Training centre for Kosovo Police

The Kosovo Centre for Public Safety Education and Development (KCPSED), formerly the Kosovo Police Service School, is a training centre and education provider for the Kosovo Police, and for other public services in Kosovo. It is based in Vushtrri, 25 kilometers north of Pristina.

The Kosovo Police Service School (KPSS) was founded in September 1999, with help from the UN Police Mission in Kosovo, and run by the Organization for Security and Co-Operation in Europe (OSCE) - specifically, by the Department of Police Education and Development (DPED). The European Commission, particularly the EULEX mission, has also provided support for training. The school was founded as part of a broader OSCE initiative, in order to rebuild civil capabilities and rule of law after Serb armed forces were withdrawn at the end of the Kosovo War. By 2006 the KPS was able to take over responsibility for major policing operations.

==Police training==
Training for police officers includes 20 weeks in the classroom and then 20 weeks of field training; at the end of the forty weeks, police officers are qualified and can work independently. Training emphasises the importance of human rights and fair policing in a democratic society. Additional courses were offered in specialist subjects including supervision and management, as well as recertification. A 4-week Criminal Investigation Course has been offered, for detectives, since 2001; and also a 4-week Traffic Accident Investigation Course.
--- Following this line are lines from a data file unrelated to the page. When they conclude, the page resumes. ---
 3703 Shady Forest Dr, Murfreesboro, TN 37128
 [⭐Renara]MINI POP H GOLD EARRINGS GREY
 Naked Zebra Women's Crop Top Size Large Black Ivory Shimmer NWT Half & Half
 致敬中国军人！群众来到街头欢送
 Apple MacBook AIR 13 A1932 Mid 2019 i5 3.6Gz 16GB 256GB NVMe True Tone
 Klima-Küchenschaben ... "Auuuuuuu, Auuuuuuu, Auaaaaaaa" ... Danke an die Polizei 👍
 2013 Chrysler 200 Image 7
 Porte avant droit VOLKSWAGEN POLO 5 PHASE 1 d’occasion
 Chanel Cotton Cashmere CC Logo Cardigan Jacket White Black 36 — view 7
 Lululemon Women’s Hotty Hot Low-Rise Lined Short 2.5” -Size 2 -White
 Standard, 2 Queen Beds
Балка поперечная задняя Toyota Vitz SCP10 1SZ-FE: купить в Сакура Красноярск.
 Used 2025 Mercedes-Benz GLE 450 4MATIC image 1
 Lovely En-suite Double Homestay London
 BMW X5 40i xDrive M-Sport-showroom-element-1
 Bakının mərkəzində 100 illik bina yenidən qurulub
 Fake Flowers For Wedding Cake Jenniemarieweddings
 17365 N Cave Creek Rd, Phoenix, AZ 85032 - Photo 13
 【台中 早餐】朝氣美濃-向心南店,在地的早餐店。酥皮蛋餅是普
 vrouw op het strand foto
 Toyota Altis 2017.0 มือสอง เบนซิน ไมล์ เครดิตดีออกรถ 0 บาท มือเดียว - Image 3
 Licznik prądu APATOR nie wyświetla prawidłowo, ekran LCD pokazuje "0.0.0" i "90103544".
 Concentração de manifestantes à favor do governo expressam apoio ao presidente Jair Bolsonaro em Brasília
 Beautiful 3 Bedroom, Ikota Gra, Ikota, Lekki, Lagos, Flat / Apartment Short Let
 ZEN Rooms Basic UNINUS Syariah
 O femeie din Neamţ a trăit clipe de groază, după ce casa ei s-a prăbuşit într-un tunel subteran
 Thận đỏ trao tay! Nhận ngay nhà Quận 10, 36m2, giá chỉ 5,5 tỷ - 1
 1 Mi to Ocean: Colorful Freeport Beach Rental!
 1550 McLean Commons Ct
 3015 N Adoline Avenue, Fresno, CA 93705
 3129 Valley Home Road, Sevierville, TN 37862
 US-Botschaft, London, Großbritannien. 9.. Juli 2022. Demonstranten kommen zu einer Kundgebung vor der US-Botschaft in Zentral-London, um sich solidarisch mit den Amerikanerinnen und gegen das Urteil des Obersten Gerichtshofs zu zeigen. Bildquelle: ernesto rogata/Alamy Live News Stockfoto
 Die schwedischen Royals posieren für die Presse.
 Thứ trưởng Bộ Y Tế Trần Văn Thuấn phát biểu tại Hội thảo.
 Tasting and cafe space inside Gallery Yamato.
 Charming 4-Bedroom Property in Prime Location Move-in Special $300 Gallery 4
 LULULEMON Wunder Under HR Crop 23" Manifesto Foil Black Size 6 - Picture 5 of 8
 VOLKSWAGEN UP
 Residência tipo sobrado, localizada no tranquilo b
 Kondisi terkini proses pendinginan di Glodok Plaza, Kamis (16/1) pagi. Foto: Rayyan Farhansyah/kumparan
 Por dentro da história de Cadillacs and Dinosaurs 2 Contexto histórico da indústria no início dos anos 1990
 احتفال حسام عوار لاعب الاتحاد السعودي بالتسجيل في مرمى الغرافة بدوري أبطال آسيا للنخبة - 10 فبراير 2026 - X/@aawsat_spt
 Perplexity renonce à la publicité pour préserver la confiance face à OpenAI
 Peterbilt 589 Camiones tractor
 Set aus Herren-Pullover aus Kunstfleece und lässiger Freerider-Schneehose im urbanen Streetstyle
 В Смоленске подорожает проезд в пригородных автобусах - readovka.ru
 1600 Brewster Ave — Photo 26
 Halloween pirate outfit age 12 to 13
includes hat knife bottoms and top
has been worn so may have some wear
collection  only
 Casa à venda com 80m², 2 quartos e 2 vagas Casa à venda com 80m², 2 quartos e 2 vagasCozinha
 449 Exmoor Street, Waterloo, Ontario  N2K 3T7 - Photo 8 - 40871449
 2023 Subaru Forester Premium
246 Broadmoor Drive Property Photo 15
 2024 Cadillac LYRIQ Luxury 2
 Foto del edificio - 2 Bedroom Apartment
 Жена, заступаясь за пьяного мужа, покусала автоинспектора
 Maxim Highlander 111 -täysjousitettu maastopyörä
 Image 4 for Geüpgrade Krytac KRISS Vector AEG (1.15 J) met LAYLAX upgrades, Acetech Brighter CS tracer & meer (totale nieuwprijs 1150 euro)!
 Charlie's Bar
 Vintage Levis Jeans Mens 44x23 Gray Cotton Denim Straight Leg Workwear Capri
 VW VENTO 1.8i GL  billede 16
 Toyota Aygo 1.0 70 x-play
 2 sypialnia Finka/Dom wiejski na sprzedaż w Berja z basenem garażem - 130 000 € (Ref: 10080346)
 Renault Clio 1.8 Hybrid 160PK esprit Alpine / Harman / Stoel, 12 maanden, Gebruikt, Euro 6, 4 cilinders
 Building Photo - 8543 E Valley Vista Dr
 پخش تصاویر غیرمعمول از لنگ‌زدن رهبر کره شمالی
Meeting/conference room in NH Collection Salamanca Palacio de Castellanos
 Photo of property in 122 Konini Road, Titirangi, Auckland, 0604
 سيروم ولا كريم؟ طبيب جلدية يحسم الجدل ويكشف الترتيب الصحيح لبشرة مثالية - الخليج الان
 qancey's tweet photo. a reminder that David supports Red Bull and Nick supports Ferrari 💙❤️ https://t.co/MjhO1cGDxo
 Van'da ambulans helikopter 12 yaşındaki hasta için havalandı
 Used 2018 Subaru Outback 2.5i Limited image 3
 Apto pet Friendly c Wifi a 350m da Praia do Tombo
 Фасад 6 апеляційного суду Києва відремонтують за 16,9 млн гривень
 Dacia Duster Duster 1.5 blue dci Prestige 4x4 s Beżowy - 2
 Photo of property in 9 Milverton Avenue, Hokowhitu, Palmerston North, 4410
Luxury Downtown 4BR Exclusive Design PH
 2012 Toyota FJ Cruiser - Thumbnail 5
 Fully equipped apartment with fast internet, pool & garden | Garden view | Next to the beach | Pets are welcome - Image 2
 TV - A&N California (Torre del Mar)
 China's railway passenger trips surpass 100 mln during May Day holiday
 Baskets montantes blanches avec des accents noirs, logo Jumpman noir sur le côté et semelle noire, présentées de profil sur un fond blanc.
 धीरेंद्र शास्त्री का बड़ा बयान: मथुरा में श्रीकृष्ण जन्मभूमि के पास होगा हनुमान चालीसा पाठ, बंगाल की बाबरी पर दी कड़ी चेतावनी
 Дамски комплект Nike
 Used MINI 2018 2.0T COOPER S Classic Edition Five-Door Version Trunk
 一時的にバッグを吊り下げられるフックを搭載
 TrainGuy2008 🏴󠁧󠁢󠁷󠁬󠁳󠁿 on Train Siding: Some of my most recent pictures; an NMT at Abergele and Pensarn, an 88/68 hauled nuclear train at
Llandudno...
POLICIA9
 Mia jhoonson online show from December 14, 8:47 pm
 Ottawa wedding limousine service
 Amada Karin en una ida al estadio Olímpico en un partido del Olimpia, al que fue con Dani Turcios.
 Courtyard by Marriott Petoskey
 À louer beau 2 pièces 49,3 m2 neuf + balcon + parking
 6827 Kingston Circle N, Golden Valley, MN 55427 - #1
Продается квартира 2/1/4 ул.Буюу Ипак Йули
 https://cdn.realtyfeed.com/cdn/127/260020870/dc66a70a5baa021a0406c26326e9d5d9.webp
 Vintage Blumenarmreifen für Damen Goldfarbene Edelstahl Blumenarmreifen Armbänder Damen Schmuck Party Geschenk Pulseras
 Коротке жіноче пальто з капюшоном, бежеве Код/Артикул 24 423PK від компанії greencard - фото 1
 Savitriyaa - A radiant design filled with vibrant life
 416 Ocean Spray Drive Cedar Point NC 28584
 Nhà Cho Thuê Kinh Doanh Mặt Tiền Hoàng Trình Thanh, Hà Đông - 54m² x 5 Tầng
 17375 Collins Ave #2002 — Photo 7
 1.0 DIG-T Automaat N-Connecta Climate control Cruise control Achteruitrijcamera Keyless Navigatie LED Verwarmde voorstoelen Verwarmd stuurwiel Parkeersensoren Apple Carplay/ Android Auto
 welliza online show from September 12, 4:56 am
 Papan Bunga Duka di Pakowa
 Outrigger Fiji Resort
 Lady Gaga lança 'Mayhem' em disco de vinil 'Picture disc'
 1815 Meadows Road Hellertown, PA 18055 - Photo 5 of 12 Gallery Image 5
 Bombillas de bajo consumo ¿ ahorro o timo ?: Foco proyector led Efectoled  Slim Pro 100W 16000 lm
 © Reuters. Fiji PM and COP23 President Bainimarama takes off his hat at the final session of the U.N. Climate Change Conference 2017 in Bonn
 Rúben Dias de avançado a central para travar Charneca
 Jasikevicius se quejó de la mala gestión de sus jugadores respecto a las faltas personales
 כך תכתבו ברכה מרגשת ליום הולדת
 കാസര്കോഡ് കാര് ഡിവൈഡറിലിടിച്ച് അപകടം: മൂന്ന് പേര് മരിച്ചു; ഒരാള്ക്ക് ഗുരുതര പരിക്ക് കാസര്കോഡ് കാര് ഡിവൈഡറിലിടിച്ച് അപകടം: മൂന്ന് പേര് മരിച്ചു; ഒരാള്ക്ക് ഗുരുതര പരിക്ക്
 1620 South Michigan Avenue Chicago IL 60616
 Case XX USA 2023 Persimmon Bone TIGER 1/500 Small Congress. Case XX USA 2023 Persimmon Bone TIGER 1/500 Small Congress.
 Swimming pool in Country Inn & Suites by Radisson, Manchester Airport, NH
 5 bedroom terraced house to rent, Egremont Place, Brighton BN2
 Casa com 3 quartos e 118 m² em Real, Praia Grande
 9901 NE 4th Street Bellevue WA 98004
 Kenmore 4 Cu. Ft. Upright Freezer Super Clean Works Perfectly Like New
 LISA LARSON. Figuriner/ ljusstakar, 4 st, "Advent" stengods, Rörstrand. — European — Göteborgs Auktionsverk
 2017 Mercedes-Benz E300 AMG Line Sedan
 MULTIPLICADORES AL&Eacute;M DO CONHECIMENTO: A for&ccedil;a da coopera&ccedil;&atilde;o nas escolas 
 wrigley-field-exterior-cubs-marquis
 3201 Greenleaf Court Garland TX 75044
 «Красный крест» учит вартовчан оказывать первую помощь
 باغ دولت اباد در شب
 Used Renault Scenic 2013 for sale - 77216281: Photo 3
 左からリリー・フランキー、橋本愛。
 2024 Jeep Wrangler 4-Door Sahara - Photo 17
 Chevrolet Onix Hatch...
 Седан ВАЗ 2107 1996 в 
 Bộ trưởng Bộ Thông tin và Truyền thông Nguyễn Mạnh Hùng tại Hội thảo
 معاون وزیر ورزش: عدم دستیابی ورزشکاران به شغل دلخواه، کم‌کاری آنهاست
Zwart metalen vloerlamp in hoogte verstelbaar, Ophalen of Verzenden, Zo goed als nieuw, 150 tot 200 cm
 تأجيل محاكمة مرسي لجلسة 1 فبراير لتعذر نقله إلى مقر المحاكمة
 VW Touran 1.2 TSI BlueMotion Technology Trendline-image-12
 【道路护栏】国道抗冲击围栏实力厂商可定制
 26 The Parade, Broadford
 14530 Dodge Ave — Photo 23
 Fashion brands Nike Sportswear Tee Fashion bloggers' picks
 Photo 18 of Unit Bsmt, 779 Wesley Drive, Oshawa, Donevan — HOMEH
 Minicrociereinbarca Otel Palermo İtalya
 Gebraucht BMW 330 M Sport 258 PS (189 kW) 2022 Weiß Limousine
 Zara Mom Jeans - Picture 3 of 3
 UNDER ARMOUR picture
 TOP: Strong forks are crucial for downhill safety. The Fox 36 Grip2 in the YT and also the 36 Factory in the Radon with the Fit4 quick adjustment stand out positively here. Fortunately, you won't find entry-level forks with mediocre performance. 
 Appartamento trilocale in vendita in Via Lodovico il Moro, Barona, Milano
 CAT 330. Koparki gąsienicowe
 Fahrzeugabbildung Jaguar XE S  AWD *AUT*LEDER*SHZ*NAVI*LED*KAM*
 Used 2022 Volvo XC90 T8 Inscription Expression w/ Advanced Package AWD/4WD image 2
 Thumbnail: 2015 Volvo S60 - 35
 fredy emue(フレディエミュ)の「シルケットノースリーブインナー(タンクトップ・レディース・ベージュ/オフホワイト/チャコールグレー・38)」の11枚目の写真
Additionally, since August 2001, trainer certification has been provided, so that the Kosovo Police service has its own qualified trainers.

==Police recruits==
Although OSCE trains police, the Kosovo Police Service is responsible for handling applications; applicants must be keen to work with people of different ethnicities, and committed to protecting human rights. Recruits include a reasonable proportion of women, Serbs, and other ethnic minorities.

Initial plans were for the KPSS to train 5700 police officers by December 2002. Between October 1999 and October 2004, 6953 police officers were trained at the KPSS.

==Transformation==
In 2006, the Kosovo Police Service School was transformed into the Kosovo Center for Public Security, Education and Development, with a broader mandate to provide public-security education - including the customs service, border police, fire service, and prison service. It is now an executive agency of the Ministry of Internal Affairs. General Erhard Bühler, the commander of KFOR, visited KCPSED in March 2011.

The KCPSED has made good progress, but it will take time to meet Western standards of policing, which are somewhat higher than prevailing standards of policing in the region. The KPS has become one of Kosovo's most trusted public institutions.